** Source records follows **
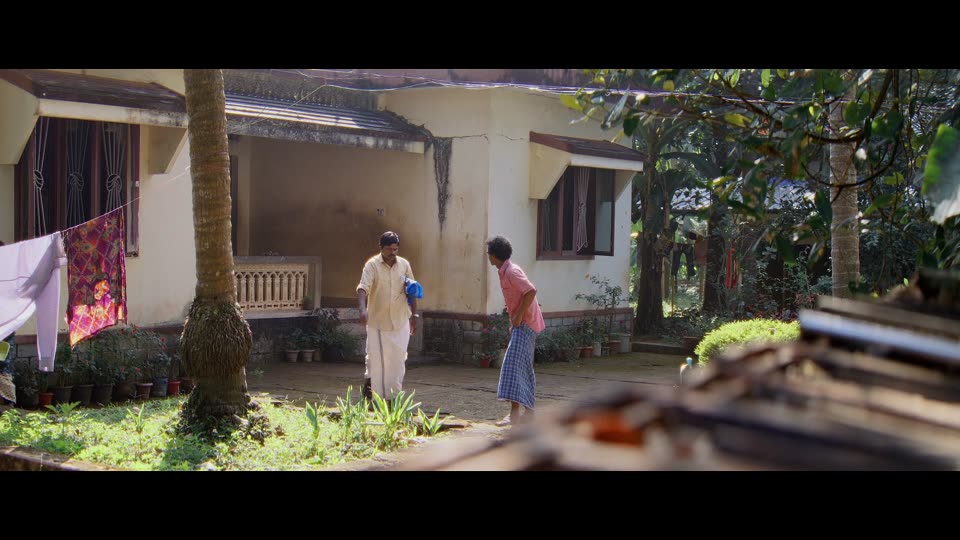 Avihitham (2025) Hindi Dubbed Movie screenshot 1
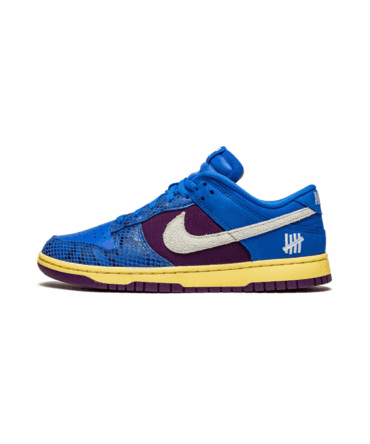 Dunk Low "Undefeated Dunk vs. AF1"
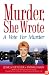 A Vote for Murder: A Murder, She Wrote Mystery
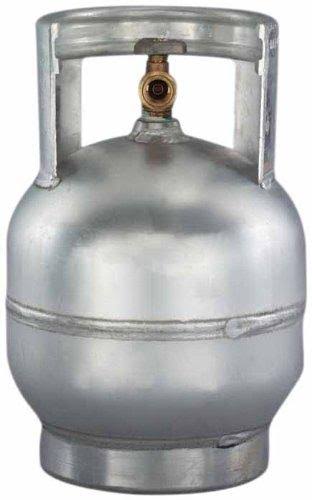 Worthington 10lb Pound Aluminum Propane Vapor Tank Cylinder OPD Valve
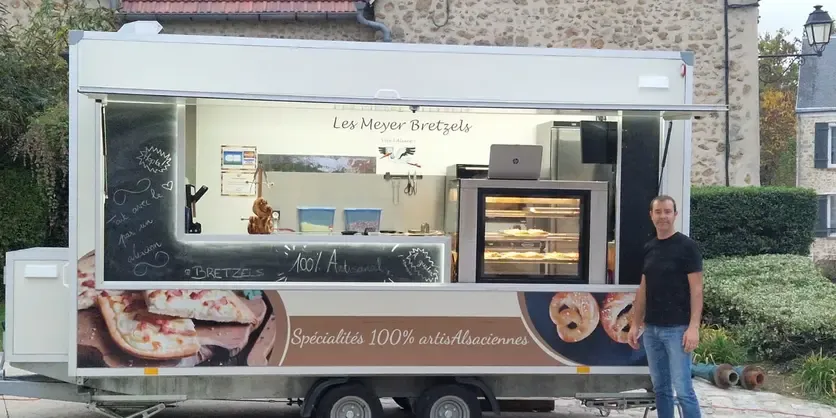 Les Meyer Bretzels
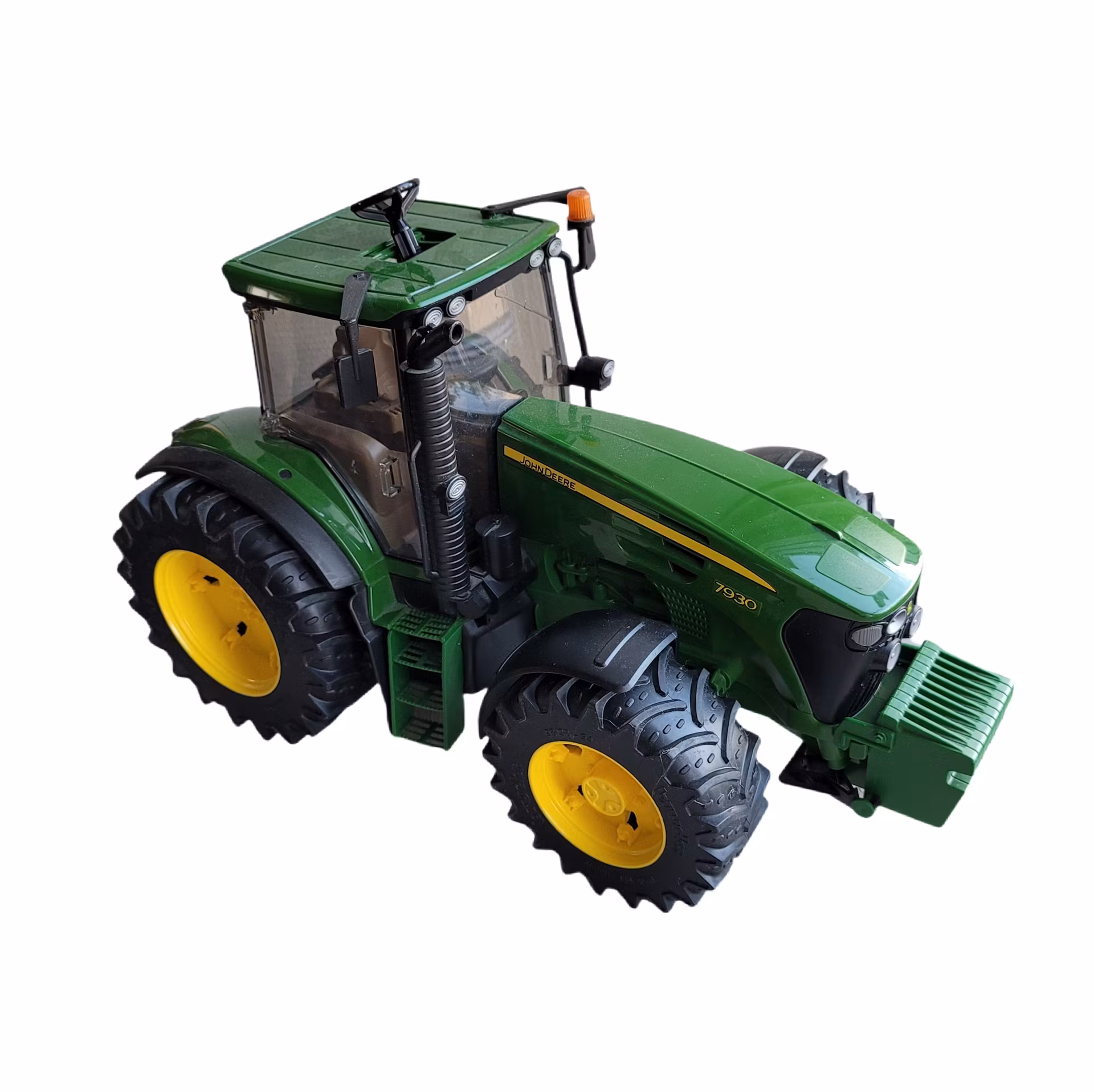 Traktor, John Deere, Bruder, skick A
** End of Source records **
# Exercise
What should appear is an exact copy of the lines from the one containing "Les Meyer Bretzels" through the last line of the records above, pictures excluded.

# Exercise answer
 Les Meyer Bretzels
 Traktor, John Deere, Bruder, skick A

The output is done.